Notably, the regulator rejected Eskom’s request for R16.9-billion to cover anticipated diesel costs during 2023/24 and R17.7-billion for 2024/25. This, despite intensifying loadshedding and indications by the utility that it would need to operate its open-cycle gas turbines (OCGTs) at a load factor of 12% to offset the decline in the energy availability factor (EAF) of its coal fleet.
Instead, Nersa granted Eskom R8.4-billion for diesel this year, based on an assumed load factor of 6% and a unit diesel price of R6.64 a litre.
Full-time regulator member for electricity regulation Nhlanhla Gumede said the decision was based on the regulator’s view that inefficiencies should not be incentivised, despite Eskom arguing that a higher diesel allocation could help reduce the intensity of loadshedding in the short-term.
Gumede argued that Eskom should, instead, be focused primarily on recovering its EAF to levels “north of 65%” in the coming year, while targeting 72% in 2024/25.
Eskom’s original MYPD5 application, submitted in June 2021, assumed an EAF of 72%, but the figure was revised down to only 59% in an addendum submitted in September last year.
By the end of 2022, the EAF had fallen precipitously to well below 60%, with the coal fleet-only EAF falling below 50% at times.
The diesel decision could see the power company again approaching the National Treasury for funding, but the department has already expressed its reluctance to release scarce fiscal resources for the purchase of the fuel.
In November, Eskom announced that it had exhausted its diesel budget, having operated its Ankerlig and Gourikwa OCGT plants at a load factor of 17.5% between April and November, which led it to spend R12-billion against a budget for the year of R6.1-billion.
In addition, the private OCGT plants had been operating at a load factor of 11% at a cost of nearly R6-billion for the first nine months of Eskom’s financial year.
It subsequently received some relief in the form of 50-million litres from fellow State-owned enterprise PetroSA. However, it said a more permanent funding solution was required to cover the period from November to the end of its financial year on March 31.
Daily system reports indicate that it is still deploying the OCGT plants, raising the spectre of the need for more taxpayer support to cover the costs.
Without a significant recovery in the coal EAF (assumed to be unlikely in the short term), as well as additional funding for diesel, loadshedding is likely to remain at high levels during 2023.
There has already been daily loadshedding in January, following on from the country’s worst-ever year for power cuts in 2022, when Eskom implemented loadshedding for more than 200 days and failed to deliver an estimated 11 797 GWh of energy.
The Nersa approval also indicates that Eskom is unlikely to receive much supply-side relief from independent power producers (IPPs) that have participated in official government programmes where Eskom is the single buyer.

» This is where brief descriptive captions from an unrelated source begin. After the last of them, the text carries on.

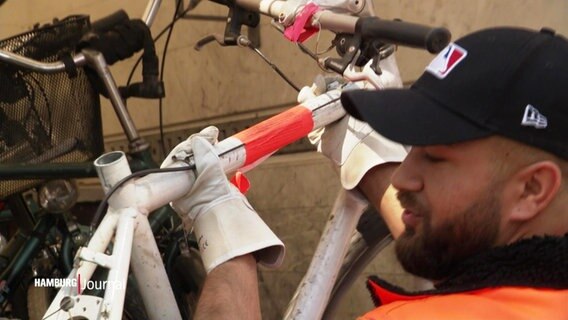 Ein Mitarbeiter der Stadtreinigung lädt ein Schrottfahrrad in einen LKW. © Screenshot 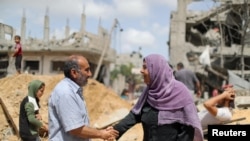 Un hombre y una mujer palestinos se saludan entre escombros en la Franja de Gaza el 21 de mayo de 2021, después de la tregua acordada entre Israel y Gaza.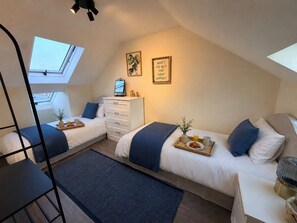 4 bedrooms, desk, iron/ironing board, travel crib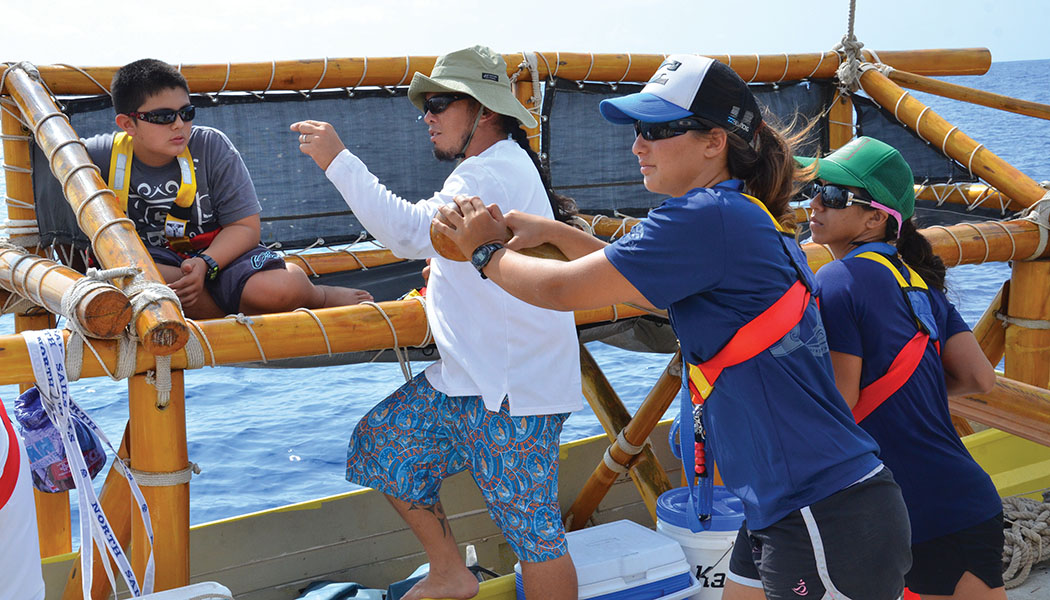 Crew member and teacher Rod Floro explains navigation to Tyler Uehara, while crew member Kailin Kim shows teacher Kanana Kuhaulua how to steer the canoe.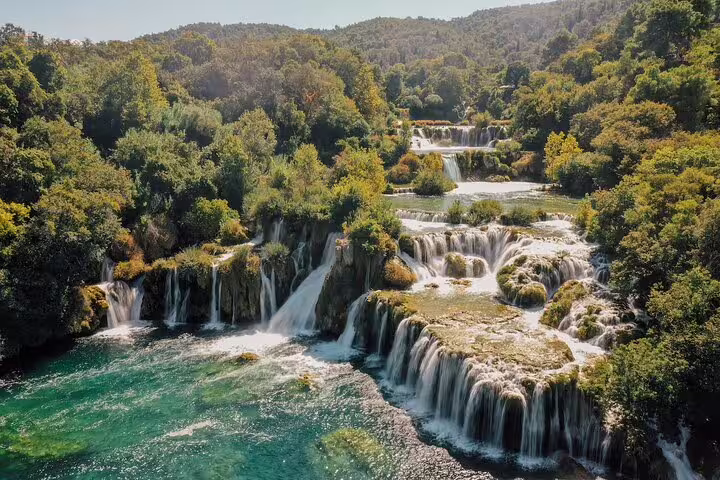 Panoramic cascades of Krka Waterfalls in Krka National Park, Croatia on a private day trip with wine tasting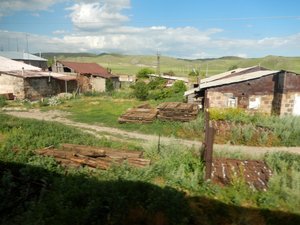 Typical country village in Armenia as taken from the train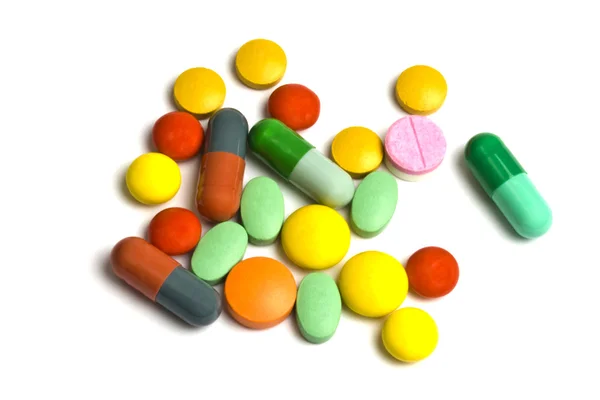 Barevné pilulky izolované na bílém — Stock fotografie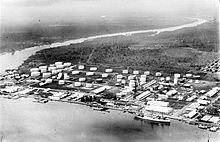 Black and white photo of an industrial installation located next to a body of water. It includes a large number of white storage tanks and buildings, as well as a wharf. A large ship is docked at the wharf.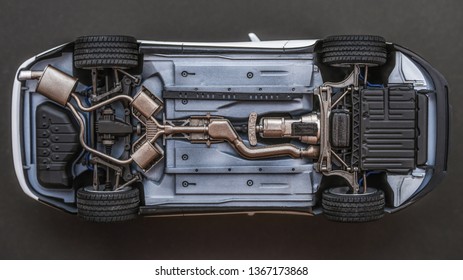 Inverted Car On A Black Background. Bottom View Of Car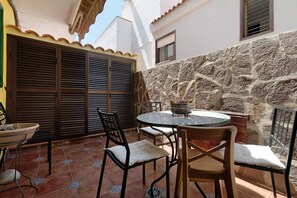 A patio with a round table and chairs, a stone wall, and a window with shutters. - Quiet house by the sea / beach, WiFi, child-friendly, terrace - great location (Alcalá)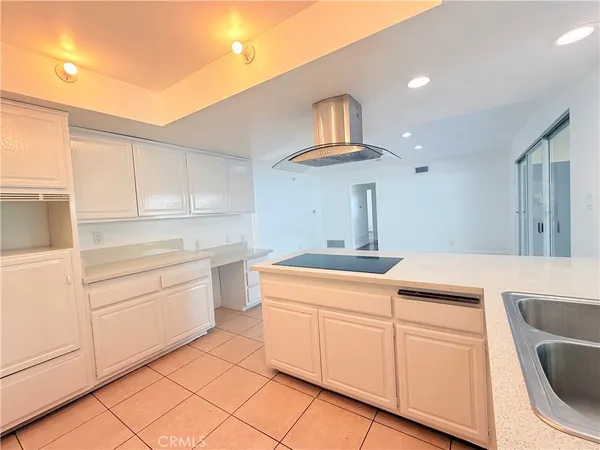 a kitchen with white cabinets and sink
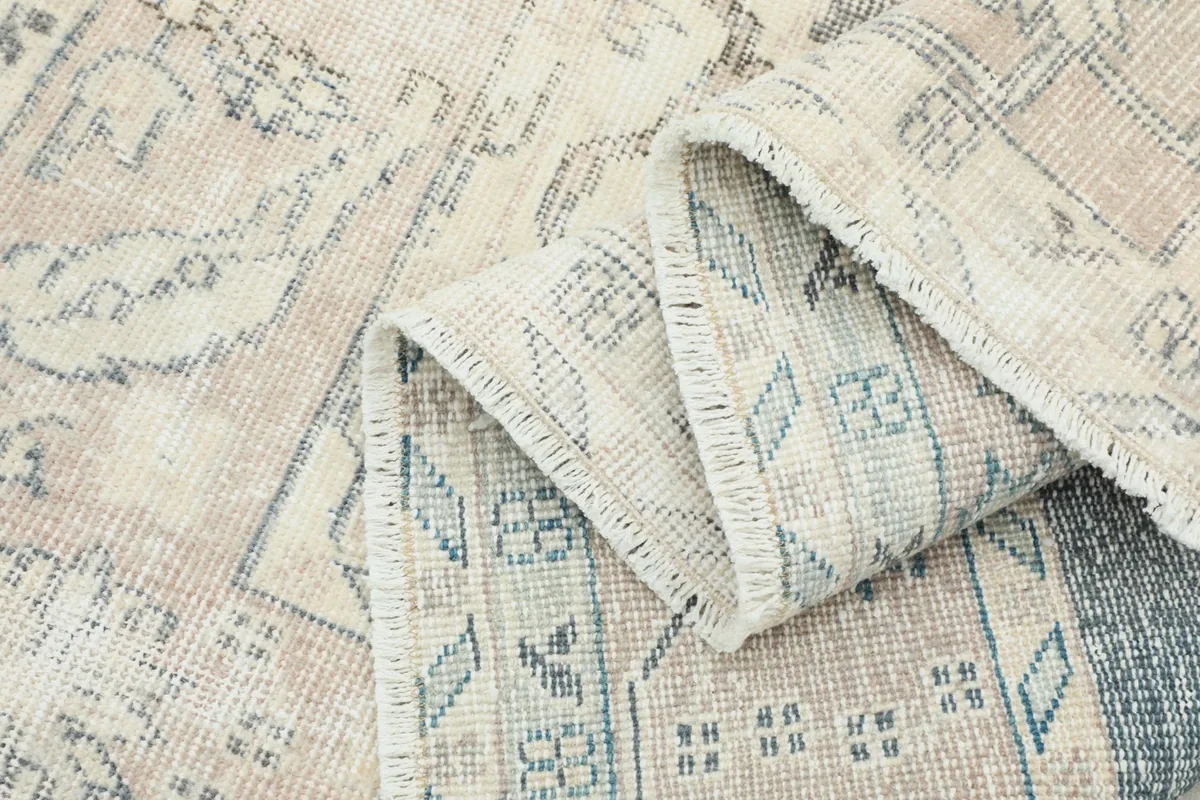 Folded section of the rug showing the reverse side with visible knotting and light blue threads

In fact, Nersa has lowered allowable revenue for IPPs by R10-billion for 2023/24 and a further R8.6-billion in 2024/25, owing to the fact that government-procured projects have not materialised as anticipated.
It did set aside a fresh allocation, however, for short-term power purchases, possibly arising from existing renewables plants, as well as companies or neighbouring countries with surplus generation capacity.
Overall, Nersa approved a total revenue of R300-billion for the 2023/24 financial year, which translates to a tariff of 173.80c/kWh, up from 146.48c/kWh.
Revenue of R334-billion has been approved for the 2024/25 financial year, which translates to a tariff of 195.95c/kWh.
Eskom, which recorded a net loss of R12.3-billion for its 2021/22 financial year, is forecasting that its loss will increase to above R20-billion for the current financial year.
However, that forecast was made ahead of the Nersa decision.
Eskom said it would respond to the decision on Friday January 13.